Records for the exercise:
****

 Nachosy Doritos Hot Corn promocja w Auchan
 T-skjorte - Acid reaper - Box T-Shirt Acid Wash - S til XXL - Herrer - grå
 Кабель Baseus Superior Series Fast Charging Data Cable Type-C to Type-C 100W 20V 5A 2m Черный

****

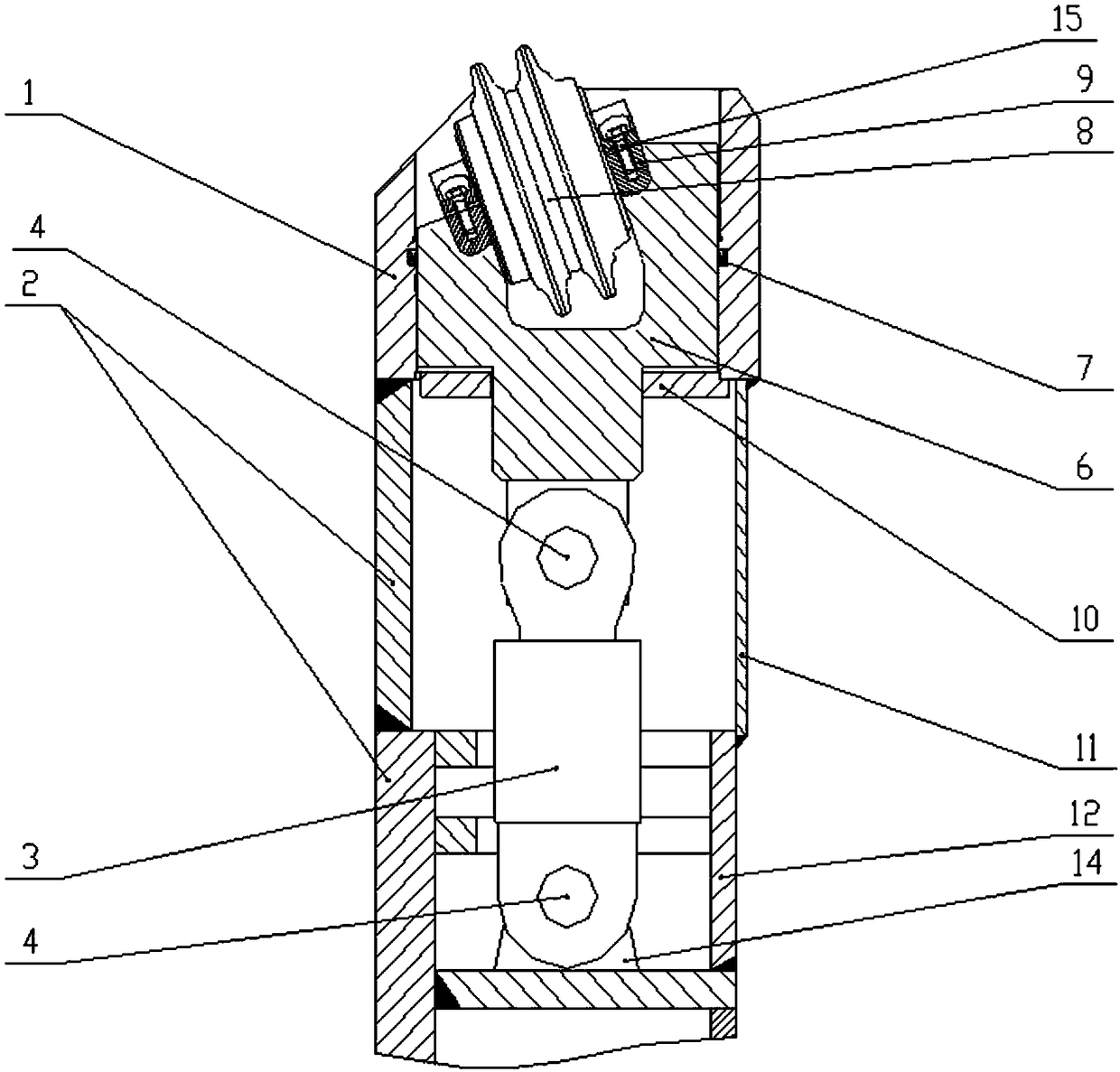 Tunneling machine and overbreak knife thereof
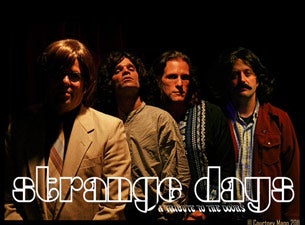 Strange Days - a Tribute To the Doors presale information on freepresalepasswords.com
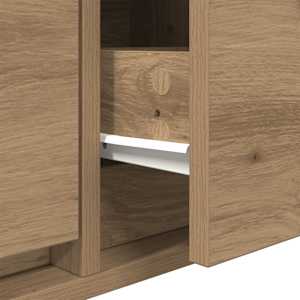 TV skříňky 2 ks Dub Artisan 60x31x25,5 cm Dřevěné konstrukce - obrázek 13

****

Task prompt: Copy the records above exactly, beginning at the line that contains "T-skjorte - Acid" and stopping after the line that contains "Кабель Baseus Superior".

Solved exercise:
 T-skjorte - Acid reaper - Box T-Shirt Acid Wash - S til XXL - Herrer - grå
 Кабель Baseus Superior Series Fast Charging Data Cable Type-C to Type-C 100W 20V 5A 2m Черный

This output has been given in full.